古くから知られていて、枕草子にもシモツケのことが出てきますし、江戸時代の古い園芸書にも取り上げられています。また、近年、花色や葉色に特徴のある魅力的な園芸品種も育成されていて、園芸店やホームセンターでも見かけることができます。

たまにウドンコ病が発生することがありますが、暑さ、寒さに強く、丈夫で育てやすい花木です。また、株がコンパクトにまとまりますので、ちょっとしたスペースにも向いています。

蛇足にはなりますが、シモツケソウ(Filipendula multijuga )はバラ科シモツケソウ属の宿根草で、まったく別の植物です。シモツケの別名のキシモツケは、木であることを言わんがためと思われます。

【栽培メモ】

以前にベニバナシモツケを、そして今は孔雀葉シモツケと源平シモツケを庭植えにしています。いずれも、あまりスペースを取らず、丈夫で、毎年、よく咲いてくれます。
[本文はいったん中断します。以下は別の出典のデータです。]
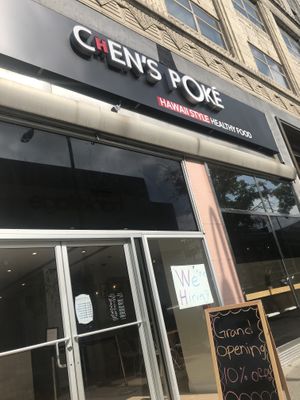 Front at Chen's Poke in White Plains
なお、源平シモツケは、個体差なのか、白の花が大部分になっています。

【シモツケの概要】

シモツケの花
シモツケ(撮影日 2001.5.26)

樹高

あまり高くならず1m程度です。

根元から新しい枝が伸びるので叢状になります。

枝の先に、淡紅色の小さな花をたくさん付けます。

他に白花や紅と白花が咲き分けするものもあります。

耐寒性・耐暑性

耐寒性 強い
耐暑性 強い

耐寒性、耐暑性があり全国で栽培できます。

(強い、比較的強い、やや弱い、弱い、の4区分。判断基準は、こちら)

栽培難易度

やさしい

(やさしい、比較的やさしい、やや難しい、かなり難しい、の4区分)

学名

Spiraea japonica

学名の説明

Spiraea・・・・・ギリシャ語の speira (らせん、輪)が語源です。
※ これは、果実の形に由来すると言われています。

japonica・・・・・「日本の」

【主な種類と品種】

‘カントリーレッド’

今までにない非常に濃い赤桃色の花が咲く品種です。

‘ゴールドマウンド’

黄金葉の葉色で、ピンクの花が咲きます。

源平シモツケ

源平咲きシモツケとも呼ばれ、白と紅の花が咲く品種です。(写真:下から2枚目)

孔雀葉シモツケ

フリンジの葉が特徴のシモツケです。花は赤桃色で、晩秋には紅葉します。(写真:最下段)

【 育て方 】 −私はこう育てる−

シモツケの花
源平シモツケ(撮影日 2011.6.4)

栽培のポイント

※ 剪定は、花後に行います。

植え付け

植え付けは、落葉期の11〜12月か2〜3月に行います。土質は選びませんが腐食質に富む肥沃な土壌を好みますので、植え穴に腐葉土もしくはバーク堆肥を入れて、庭土によく混ぜて植えつけます。

植え付け後はたっぷりと水やりし、風で木がぐらつかないように支柱をしておきます。

植え場所

日当たりのよいところを好みますが、半日陰でも問題はありません。

剪定

手を入れなくてもある程度自然に樹形が整いますが、伸びすぎた枝などがあれば刈り込んでおきます。時期は、花後から落葉後の2月ごろまでに行います。

コンパクトに仕立て直すときは、花後に全体を切り詰め、同時に古くなった枝を切り取ります。

また、4〜5年に1回、花後に地際近くから全体を強剪定して枝の更新を図ります。

シモツケの花
孔雀葉シモツケ(撮影日 2014.5.10)

肥料

冬の間に、寒肥を施しますが、あまり多く与える必要はありません。多肥にすると樹形が乱れやすくなります。

病気・害虫

カイガラムシやウドンコ病に注意します。